To eliminate false positives we can set a minimum y-value for our local minima to be considered as a merged event and call it our @min_merge_peak. If the peak lies below the @min_merge_peak value, we don’t output a merged event for it. We don’t want to set this value too high though, to avoid false negatives. Note that this value depends on the @mean_time_error, because that value determines what the peak of an individual bell curve is.

doing all of that on the fly

Now let’s finally turn this into a real time system and take care of the network delay at the same time. We do this by using a small sliding window of width three in which we can identify a local maximum by the fact that the middle value is the highest one. As our program is running and we get reports of events, we can move this window forward periodically. To ensure that we are not working on incomplete data, that is still missing event reports this window does not process the most currently available data, but data that lags behind the current time @t by at least some fixed @delay which consists of the maximum network delay andsome multiple of the @mean_time_error. Let’s assume we use 3 * @mean_time_error. Intuitively this means that for events reports that are not late by more than 3 * @mean_time_error, which has a probability of only 0.135 % according to the 68-95-99.7 rule their corresponding peak will not have already passed by as they slide into the time window and therefore will be interpreted correctly. In the rare cases where an event falls outside of this margin, It would produce an event with an incorrect timestamp. To prevent this we choose to drop those events in the receive method.

def receive(report)
  unless report < @t - @delay then
    @received_reports << report
  end
end

To slide our window along in real-time we introduce a tick-function which gets called periodically with a high enough frequency. The tick function advances the sliding window by @time_inc, lagging behind by our @delay, and outputs a merged event if the middle value in the sliding window is the maximum. Additionally we remove events which have become too old to play a role in our current calculations, so that our @received_reports list doesn’t get longer and longer. We use a Proc to report a merged event, you can find out about them here.

def tick()
  # advance window
  @prev_y = @curr_y
  @curr_y = @next_y
  @next_y =  StatisticsUtils.sum_of_normal_PDFs @received_reports,
                                                @mean_time_error,
                                                @t + @time_inc - @delay
  # output events
  if @prev_y < @curr_y && @curr_y > @next_y && @curr_y > @min_merge_peak then
    @send_merged.call(@t - @delay)
  end
  # remove old reports from list
  @received_reports.reject! do |rep_time|
    rep_time < @t - @delay - 3 * @mean_time_error
  end

  # advance time
  @t = @t + @time_inc
end

future work

origin aware merging

If we can be sure that one sensor does not report an event twice we could think of some extension to this scheme that considers this fact and does not blend together events from the same sensor. I’m not sure how this would look though.

hierarchical systems

There is a nice symmetry here of the base stations and the sensors having basically the same interface. So instead of connecting everything to one base station we could arrange them in a tree structure.

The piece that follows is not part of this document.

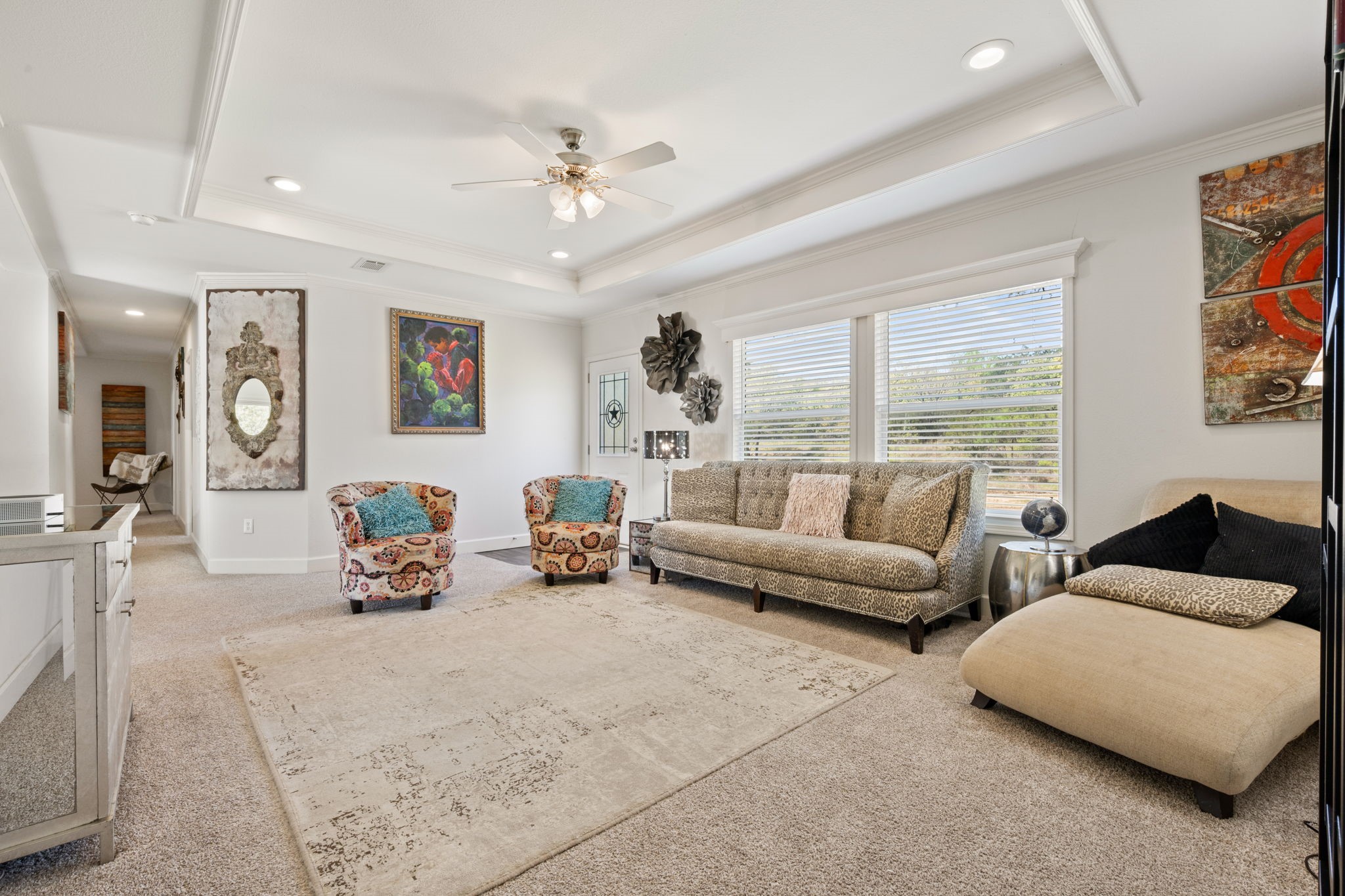 660 Deer Trail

replace sliding time window with clever mathematics

I’m pretty sure there must be some analytical way to find the peaks in our function without using a sliding window. This would make this method a lot more efficient, we could probably only do some calculation each time we receive new inputs and get rid of the tick function.

multidimensional

If we have some mathematical way of finding those peaks we could use other dimensions in addition to the time dimension as a criterion to merge events.